Monday, 17 November 2014

I’m here again, and so soon! Please don’t get used to it. But I figured you guys deserved an actual recipe from me, it really has been a while.

My main aim in the kitchen these days is to start putting together a store of recipes that I can fall back on. Simple recipes, recipes that require as little time as possible in the kitchen. I have always approached the kitchen with a desire to stretch myself as a cook, to challenge myself and grow my understanding of food and flavors. My work at the E.C.M. Kitchen has really kept me quite driven in that quest. Out of that work, a growing passion for food has also encouraged me forward. On the upside, in the past, I always had the time to explore, test and experiment in the kitchen. I am a great dawdler in the kitchen, not that I don’t get the job done, but I like to take my time, I like to enjoy the process, to savor watching (and smelling) the dish come together.

This is a luxury I no longer have.
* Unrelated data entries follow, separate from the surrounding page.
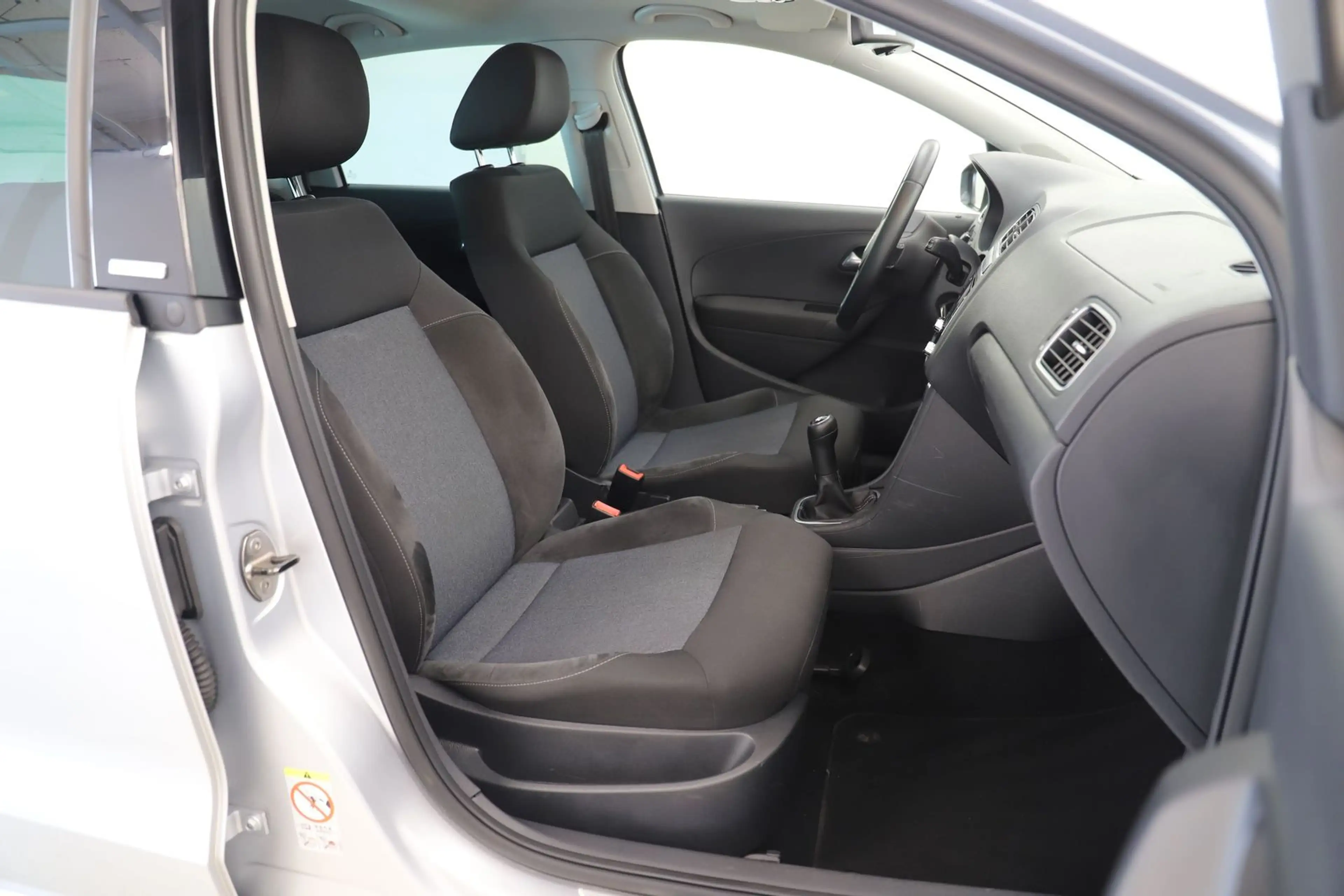 Volkswagen Polo 5 1.2TSI 105PS Style Klima Pano PDC 1Hand — photo 10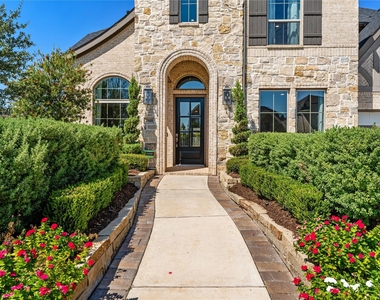 28618 Casen Ranch Lane - Photo Thumbnail 4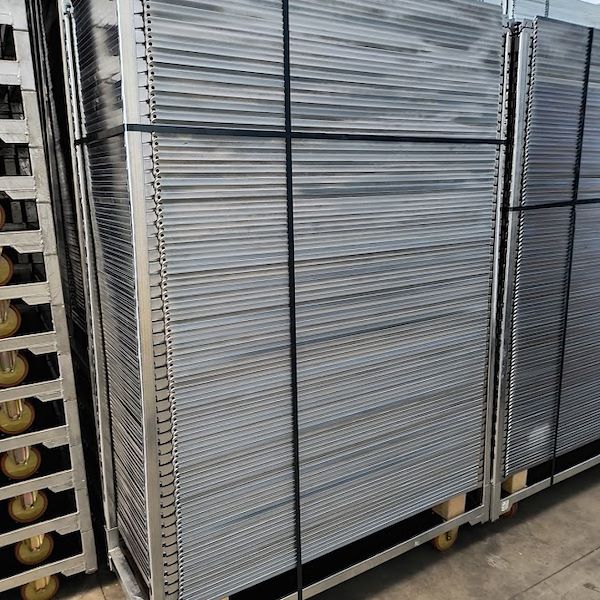 Unistandard-Brett Dänenkarren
Dawdling that is. And with a the added pressure of ongoing morning sickness I feel a need to start adjusting how I cook for our family now, before there is a second baby and the time limit is even smaller. I almost feel an urgency about it.

You see, with all this pushing forward on the quest, I’ve discovered a big gaping hole in my repertoire. Simple recipes that taste good. This is strange because I love simple food. I adore avocado on toast. I think a poached egg is heaven. And don’t even get me started on pesto pasta. But quite honestly, that’s it, those three things are about as big as my simple food recipe pile stands.

There is another side to this. I can’t stand mac and cheese. There are few things on this earth I could pair with the word ‘hate’, but that would be on the top of my list. Most of the simple meals for families being batted around out there just aren’t to a standard of flavor that I am used too now. I can’t do mac and cheese. In fact I am not even a big fan of pasta bake full stop. Or casseroles. Has anyone else noticed that when you make a stew everything tastes the same? The carrots, the meat, the potatoes, they all take on one the flavor and there is no….oomph. Oh help, I just sound like a whiny child now. I just want layers or flavor. Even if it’s just like the slight tart change you get between the flesh of an apple and its skin. Tell me please that someone understands this.

I want simple dishes that still rock in flavor. 

A new quest has begun. 

And with all that out of my system, I give you recipe number one. A twist on Maggie Beer's Pumpkin Bruschetta. 
A very dear friend sent me one of Maggie's books a while ago, signed and addressed appropriately by the dear Maggie herself, but it has since been sitting on the shelf due to my lack of time to give it a proper introduction to the kitchen. Pouring over her starters this week, I pulled out this recipe as it appealed to another problem I have in the kitchen right now. Not being able to cook. Or at least, not being able to stand over cooking food. I can cut pumpkin and bung it in the oven and walk away from it. That, I can still do well. I can see this dish becoming a great fall back dinner for us in the future, and it was actually very good too. Simple of course, but good. And for myself, not being able to eat the goat’s cheese whilst pregnant, the roasted pumpkin smashed onto the toasted ciabatta by itself, was still totally lip smacking. 

Roast Pumpkin on toast
(slightly tweaked from Maggie Beers Roast Pumpkin Bruschetta recipe)

  • Butternut pumpkin (as much as you like)
  • onion (optional) 
  • good quality olive oil
  • fresh rosemary
  • sea salt
  • cracked pepper
  • Verjuice 
  • about 3 garlic cloves (more if you are making a big batch of pumpkin)
  • a loaf of ciabatta bread
  • soft goats cheese
  • a lemon

preheat oven to about 240C

Cut pumpkin into small 1cm-2cm pieces and place on baking tray, throw on some smashed garlic cloves (hold one garlic clove back for the bread), thinly sliced onion, and the fresh rosemary. Drizzle with olive oil and season well. Bake till the tips of the pumpkin start to caramelize. 

Take tray out and drizzle over verjuice. Maggie recommends a 1/4 of a cup for only 200g, so I think you can be quite generous with your drizzle :)

Place it back in the oven for about 5-10 minutes. 

The ciabatta loaf can be sliced and toasted, grilled or fried in a little oil (as I did), if you grill or toast you can drizzle with a little oil, but when cooked, rub with the set aside garlic clove (cut in half first to get max flavor of garlic on the bread) 

Then place goats cheese onto toast, and serve the hot silky pumpkin on top. I added some more sea salt and a drizzle of fresh lemon juice to really help make the dish pop.